昭和38年12月9日。
オワダ家に一人の女児が誕生した。
出産直後にそれを聞かされた時、ヒサシはひどく頭が重くなったような気がした。
「なぜ男児じゃなくて女児だったんだ」
オワダの後を継ぐのは男子でなければ・・・・自分が思った以上に男児が欲しくて
たまらなかったことを痛感させられた。
ここまで順調に来ていたのに。跡継ぎたる男子に恵まれないなんて。
「次は男の子を頼むよ」
ヒサシはそういうのが精一杯だった。ユミコは黙っている。
姑であるヒサシの母はわざわざ上京して赤ん坊を抱いてくれたが
「最初は男の子がよかったね」と言い放った。
「嫁は跡継ぎを産まない限り、嫁とは認められないもんなんだよ。ヒサシは兄弟の
中ではとりわけ賢くて出世頭さ。その能力を受け継いで右腕になるような男の子を
産まないとダメじゃないの。

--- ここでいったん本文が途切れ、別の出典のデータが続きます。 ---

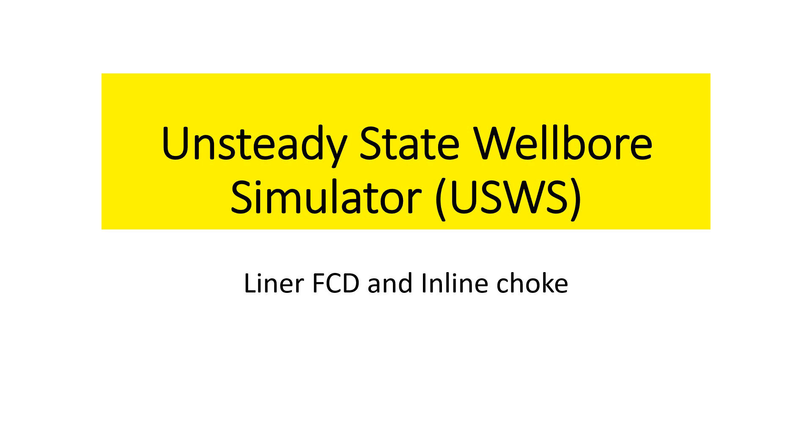This tutorial shows you how to use the Unsteady State Wellbore Simulator, USWS, with black oil PVT properties. We want to put in flow control devices on the liner to control or restrict flow between the outer pipe and the reservoir, and also to put a choke between two segments of the same pipe so that the flow along the pipe is restricted based on the choke flow.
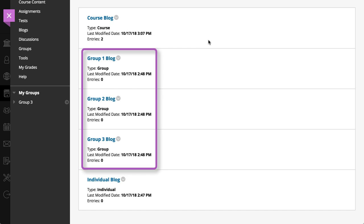If your instructor enables the blog tool for a group, all group members can create blog entries and make comments. Any course member can read and comment on a group blog, but can't create an entry if the user isn't a member of the group.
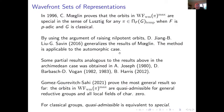Some partial results analogous to this result are known in the Archimedean case, by Joseph, Ben Harris, and Gomez-Gurevich-Sahi in a very recent paper — 2021 — which proves the most general result so far: the orbits in the maximum wavefront set are quasi-admissible for general reductive groups over all local fields of characteristic zero. In my paper with Baiying and Gordon, we have a few cases left out, which were discussed in Baiying's lecture.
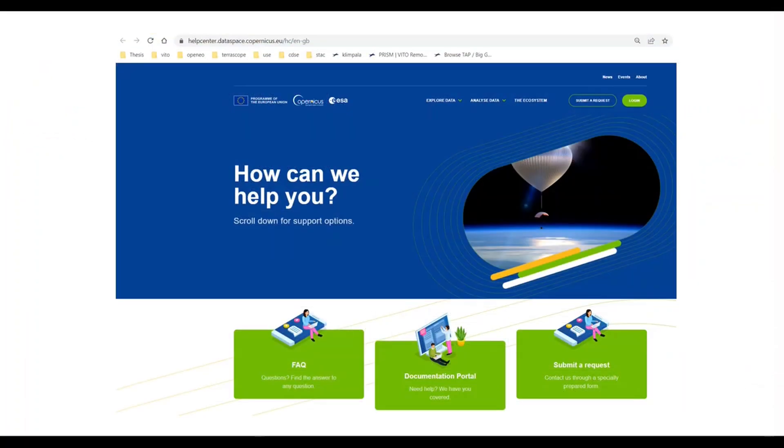If you have any queries or questions along the way, we kindly request you to submit them as a ticket in the Copernicus Data Space Ecosystem Help Center. Our dedicated support team will be happy to help you. Thank you for listening.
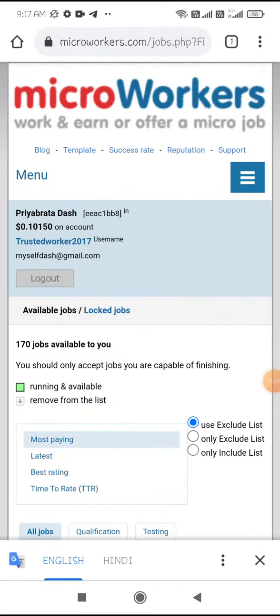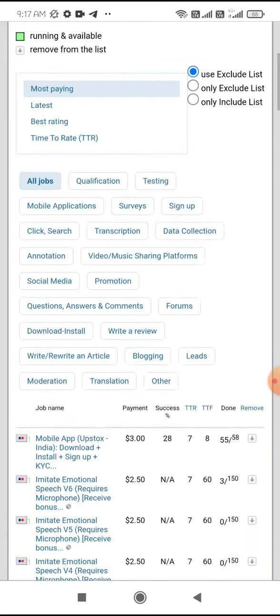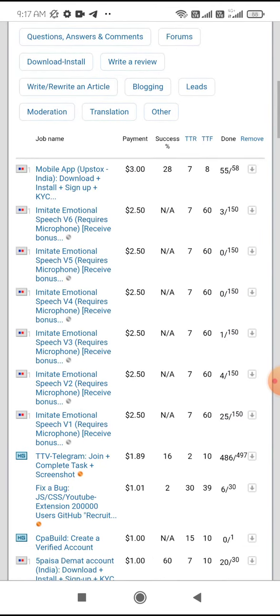Hello everyone, if you see in Microworker, some $2.50 tasks are available for imitate emotional speech. This value is $2.50, and a bonus will also be given to you. So especially in my case, I am not able to do it because I'm not exactly able to copy the vocal expressions.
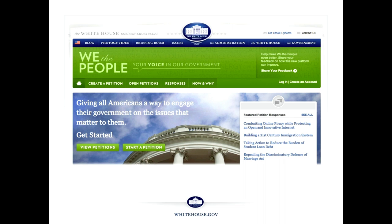So we said, let's change the status quo here. Let's make a contract. Let's agree that if you get enough signatures in a set amount of time, we promise you that you will get a response from the White House. We promise you. And so that's what we did. How many folks have seen this site? How many folks have used it, created petitions, et cetera?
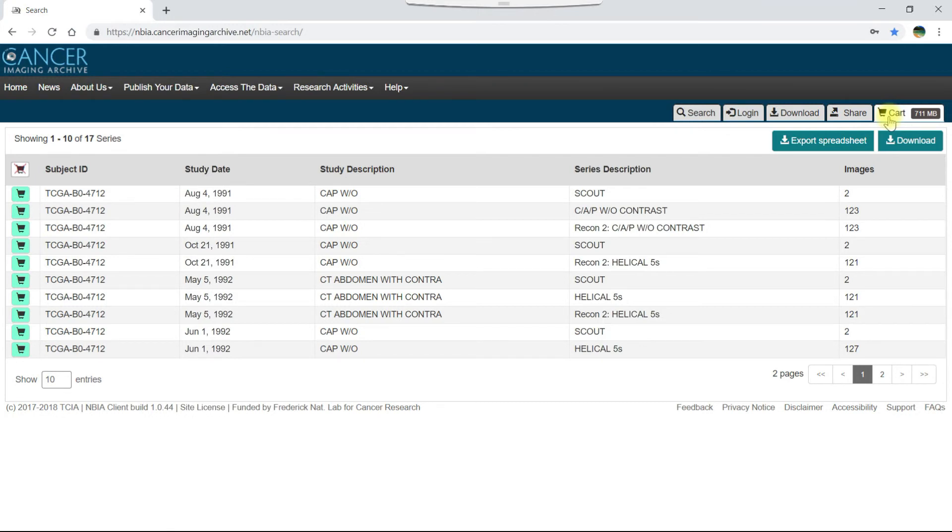The file size of the data appears on the tab. You can remove items from your cart by clicking the cart icon.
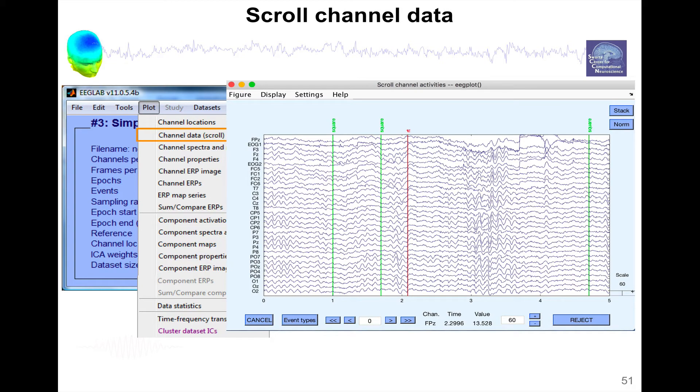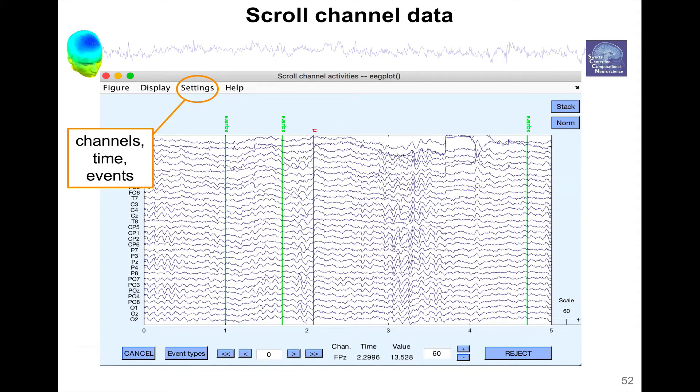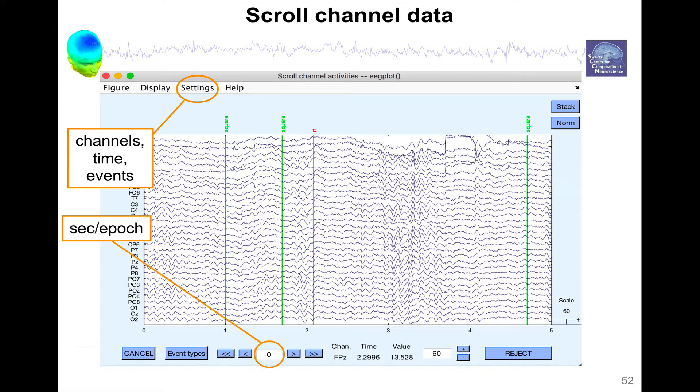We're going to look a little bit at this screen. So first, you have settings, this is where you set the times, the number of channels you want to see, whether you want to display events or not.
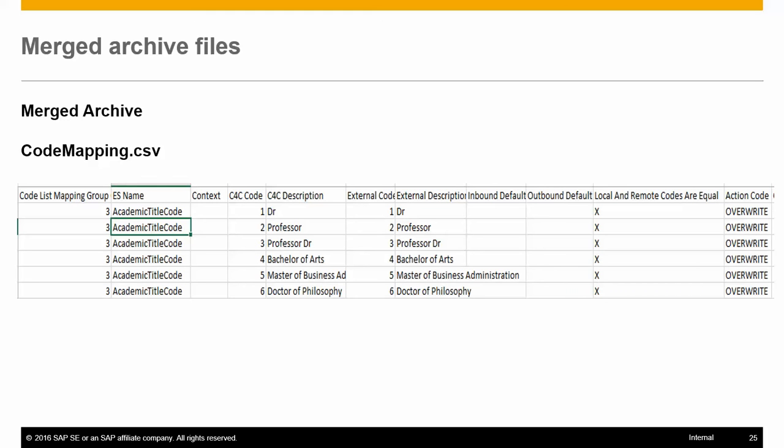The ES name is the name of the code. The context information contains the context for the code if it exists - for example, the region code will have country code as the context. The fields available are C4C code, C4C description, external code, external description, and the inbound and outbound defaults.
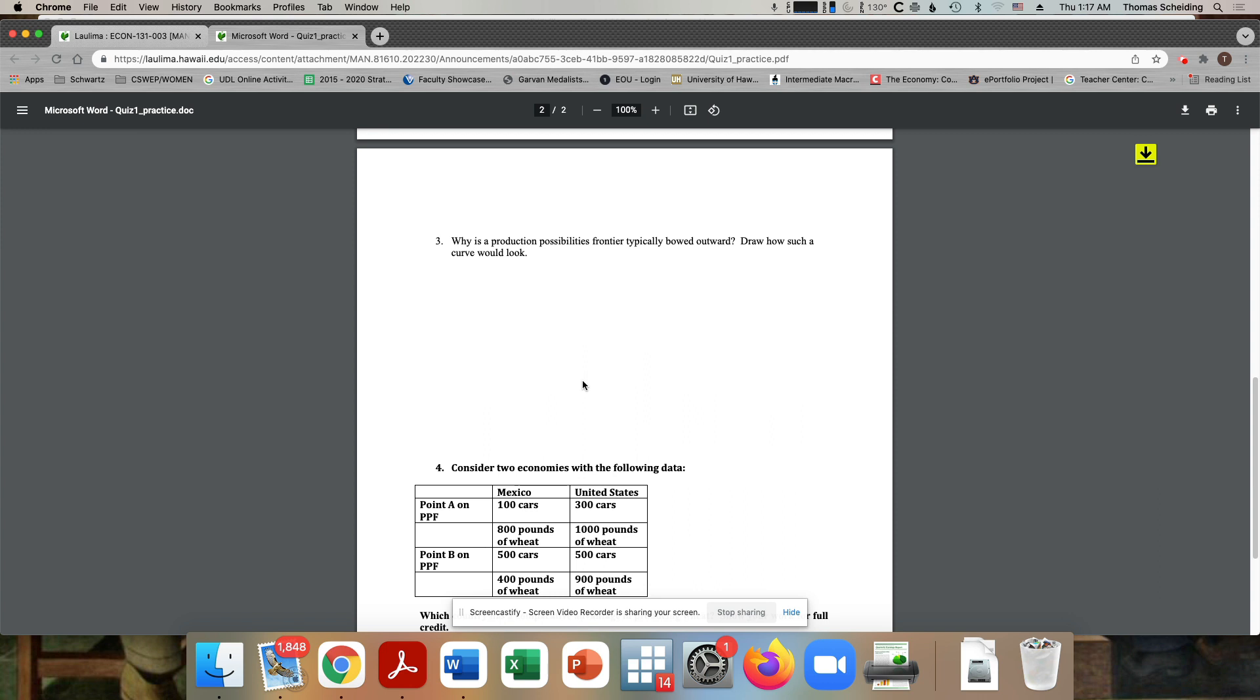Okay, now, number three, why is the production possibilities frontier typically bowed outward? Draw how such a curve would look. So drawing it shouldn't be that difficult.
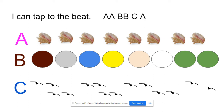Let's tap the colors. Here we go: brown and gray and blue, yellow, pink, white, green. Brown and gray and blue, yellow, pink, white, green.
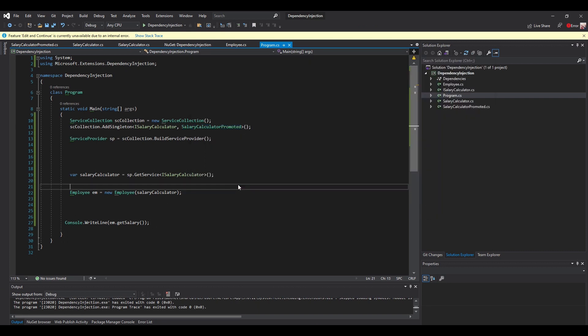So that's an introduction to Inversion of Control and Dependency Injection in .NET Core. In the next videos we'll see how we can use it with Entity Framework. If you have any questions please comment them down below. Thanks!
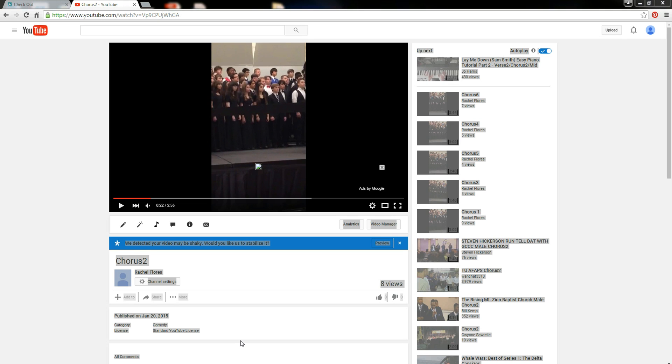Okay, so today I'm going to show you how to use a great little website called keepvid.com.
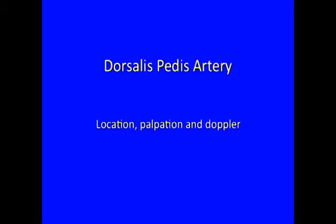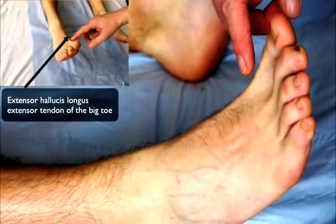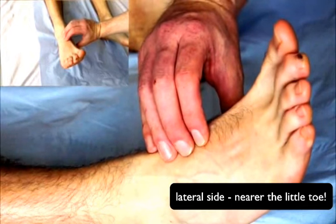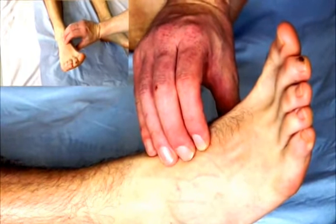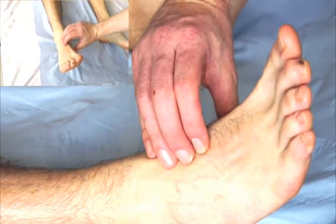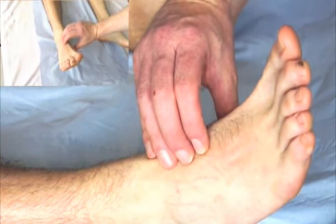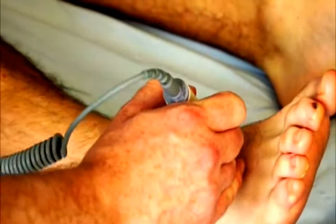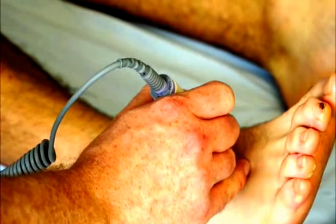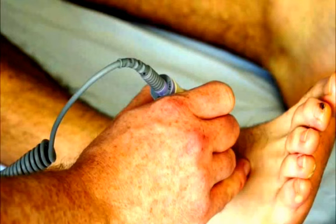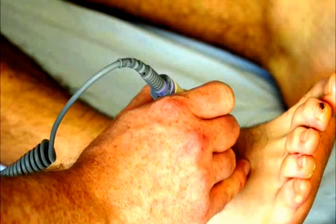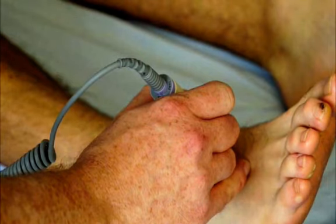Now we'll move on to the foot pulses — dorsalis pedis first of all. The dorsalis pedis is usually found just lateral to the extensor hallucis longus tendon. And there it is, using three fingers to maximise my chance of palpating the artery. Once you've found the pulse, you can then use the Doppler probe to interrogate the pulse. I notice there when you're Dopplering the pulse you've got your little finger just adding some stability. Yeah, so I hold the probe like I'd hold a pencil, and that gives me fine adjustability to move the probe over the surface of the skin, with the little finger to stabilise it.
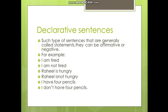Now, number one: declarative sentences. Such sentences are generally called statements. They can be affirmative or negative. For example: 'I am tired' — this is affirmative. 'I am not tired' — here we have the negation 'not', so the second one is negative.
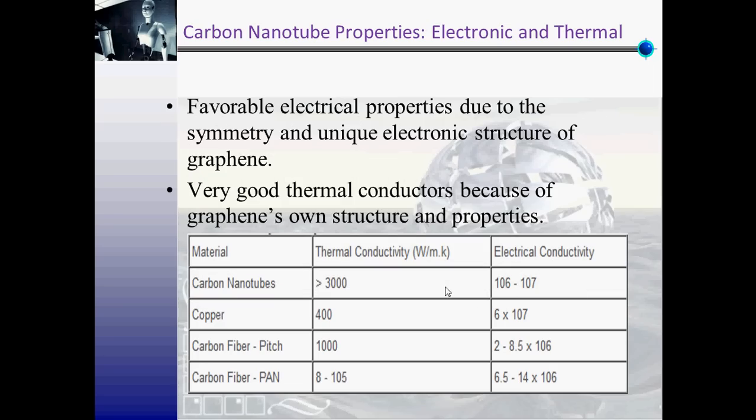Electronic and thermal properties. Because of the symmetry and unique electronic structure of graphene, carbon nanotubes have favorable electrical properties. When considering graphene, all nanotubes are expected to be very good thermal conductors.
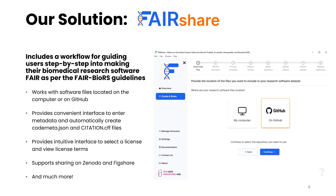In relation to this talk, FairShare includes a workflow for guiding users step by step into making their biomedical research software FAIR as per the FairBioRS guidelines. I'm showing here a screenshot of the user interface for step one of the process. FairShare can work with software code located on a computer or on GitHub. It provides a convenient interface to enter software information and automatically create metadata files, so users don't have to deal with JSON format files or learn about the standard vocabulary they use. It also provides an intuitive interface to select a suitable license for your software, and currently it supports sharing the software on Zenodo and FigShare, with many more things integrated to simplify everything from this single tool.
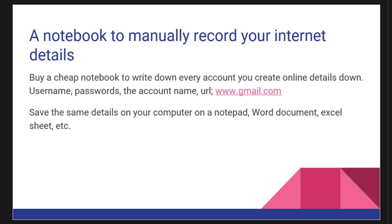I hope this section is useful to you. We're gonna get inside the browser and create the Gmail account. Thank you for watching.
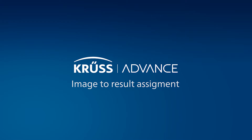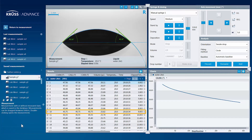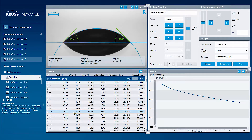Advance assigns each original image to the results which were calculated from it, allowing you to look back at where your data came from. The images which Advance uses to calculate a contact angle can be re-displayed in the Live View Monitor by clicking on a line in the result table or on a data point in the result chart.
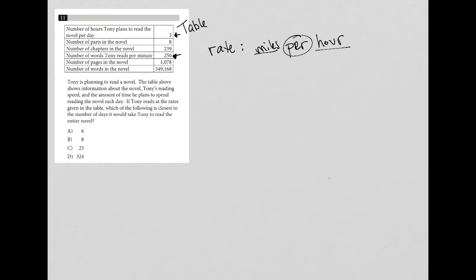So when I say, what are the rates here? I only see those two that I've arrowed because those are the only ones that have this per in there per minute, per day. Okay.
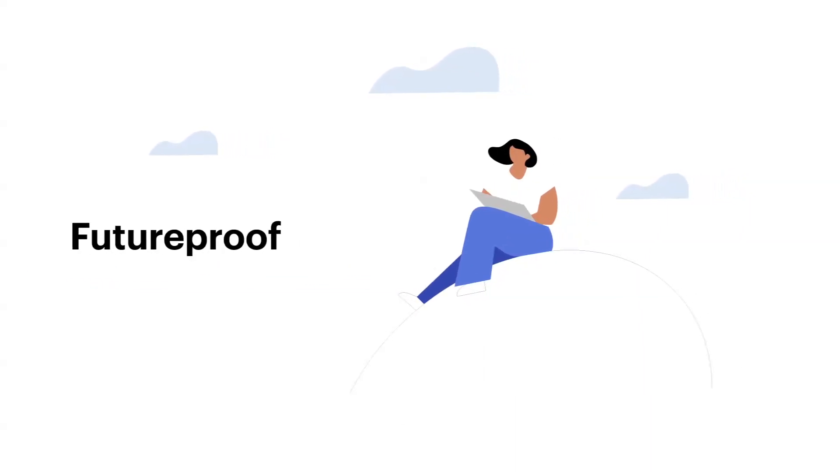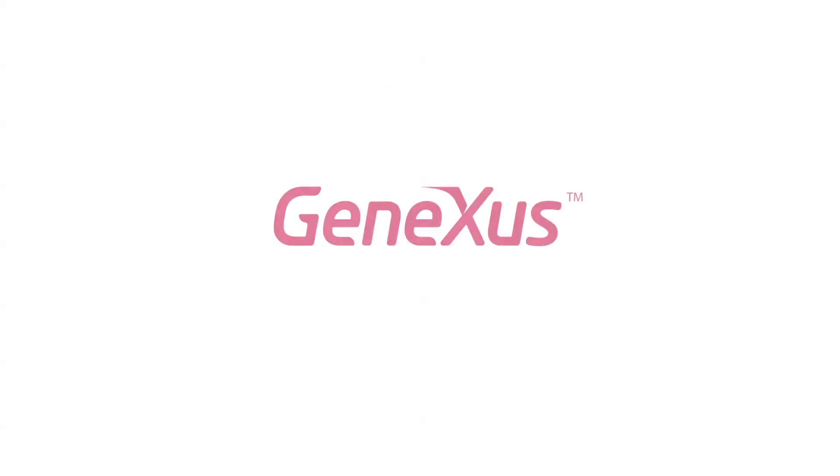If you are thinking about the digital transformation of your business, then GeneXus is the smartest choice.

あんたはヒサシの出世の邪魔をする気かい?」
そういわれてもユミコはどうしようもなかった。
そもそもエガシラ家の一人娘として大事に育てられてきた彼女は、「オワダの嫁」
と言われてもぴんとこない。
住んでいるのは実家だし、彼は私の両親と同居している。
彼の生活の一切合財を面倒見ているのは私の両親だ。
いくら姑とはいえ、こんな事を言われる筋合いはない。
「性別は天の配剤ですから」
「じゃあ、天が見放しているって事かい?精進がたりないんだね。今後は男の子が
授かるように努力しなさい。いい漢方薬をあげるから」
出産したばかりで疲れきっているユミコの耳元であからさまに赤ん坊への侮辱とも
とられる台詞に思わず涙が出る。
病院のベッドの上で涙にくれ、ショックからか熱まで出した娘にエガシラ夫妻は
おろおろし、事の経緯を聞いて怒り心頭になった。
「ヒサシ君。日本では一姫二太郎という言葉があるのがわからんのか。うちの娘を
こんな風に傷つけてそれですむとでも?」
「申し訳ありません。母に悪気はなかったんです。励ますつもりだったんです」
(全く・・一人娘という奴は)
ヒサシは心の中で舌打ちをする。いちいち自分の親に告げ口をする女なんて。
しかしとりあえずご機嫌取りをしなくてはならない。
ヒサシは生まれたばかりの娘に「マサコ」と名づけた。
「みやび」と書いてマサコ。それはユミコの字に「やさしい」という字が使われているので
二つあわせれば「優雅」になる。精一杯の愛情表現だった。
「次があるさ・・次が・・・・」
ヒサシはそう思って納得するしかなかった。